FERC's chief economist, Richard O'Neill, openly called the California plan a Rube Goldberg contraption in conversations with colleagues and California officials, according to sources inside and outside the agency.

Carolyn Berry, a FERC economist who has since left the agency, also reviewed the plan. She, too, saw flaws -- and worried especially that the odd market structure might encourage companies to manipulate prices.

``There was great resistance on the part of many people at the commission to undo the process that California sent in,'' Berry said. ``There was a reluctance to start pulling at the threads for fear that the whole package might fall apart.''

The flaws the two cited, including some of the same ones Hogan flagged, are now widely acknowledged as contributing to the collapse of California's scheme.

The deep concerns of the staff members, however, were never impressed on the commissioners.

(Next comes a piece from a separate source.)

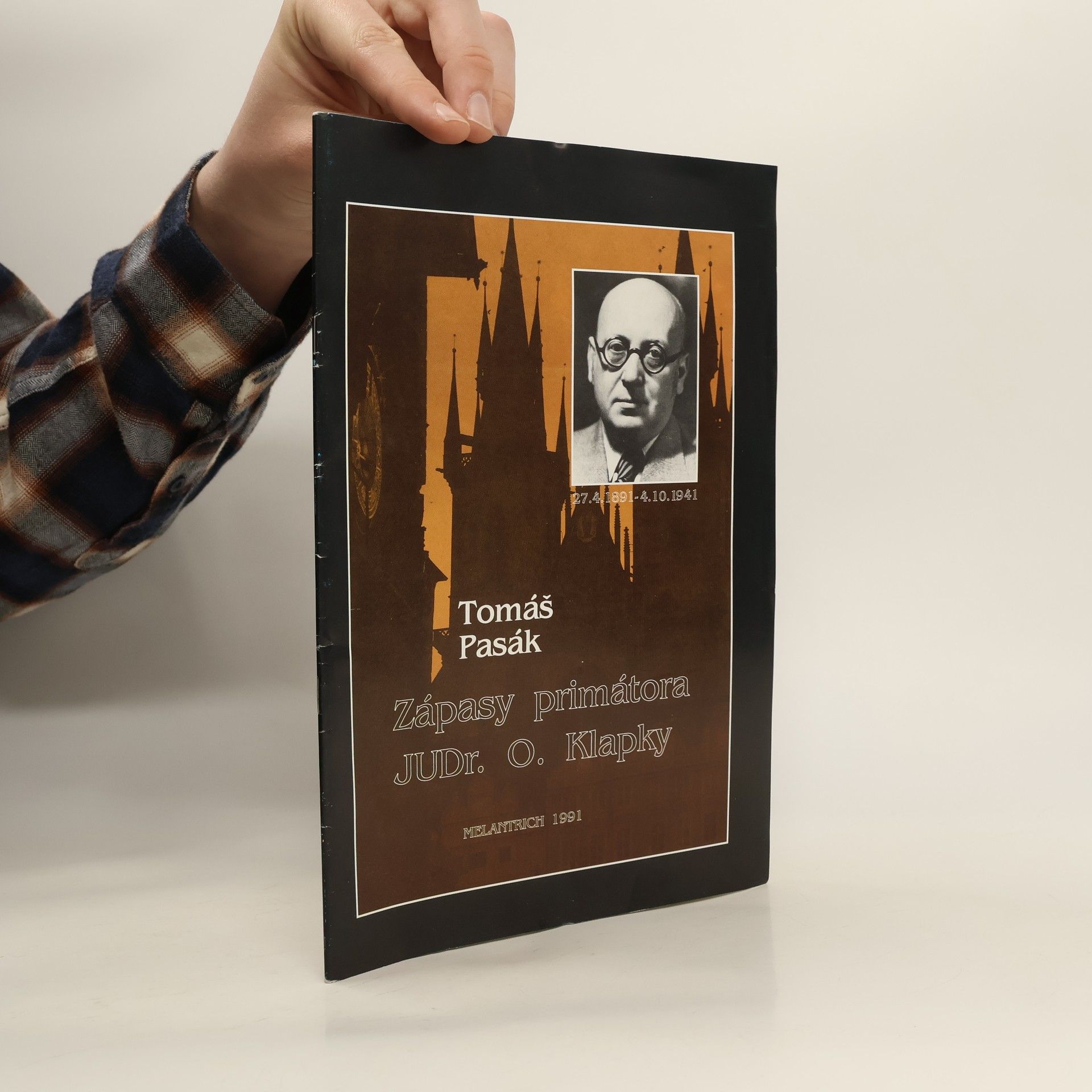 Tomáš Pasák Zápasy primátora JUDr. O. Klapky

FERC does not foster a culture of internal debate, insiders say.

Hoecker said the agency made few changes in the plan because ``the commission was too highly deferential'' to California's industry leaders and politicians.

In addition, he said, the agency simply did not have the clout to stop a plan hurtling along on a political fast track.

The agency, like others in Washington, is highly political and, acutely aware of what industry leaders want, often delivers. As far back as 1960, a presidential commission labeled the agency's predecessor ``a virtual Chamber of Commerce for the oil and gas companies.''

Corporate executives have considerable sway over the agency, to the point of helping the White House decide who is appointed to the five-member commission and who becomes chairman.

And there is an active revolving door. Hoecker was an industry lawyer before he was a commissioner, and now he is again. Former Chairwoman Moler consulted for Enron and other energy companies after leaving the agency, and now she is a utility executive.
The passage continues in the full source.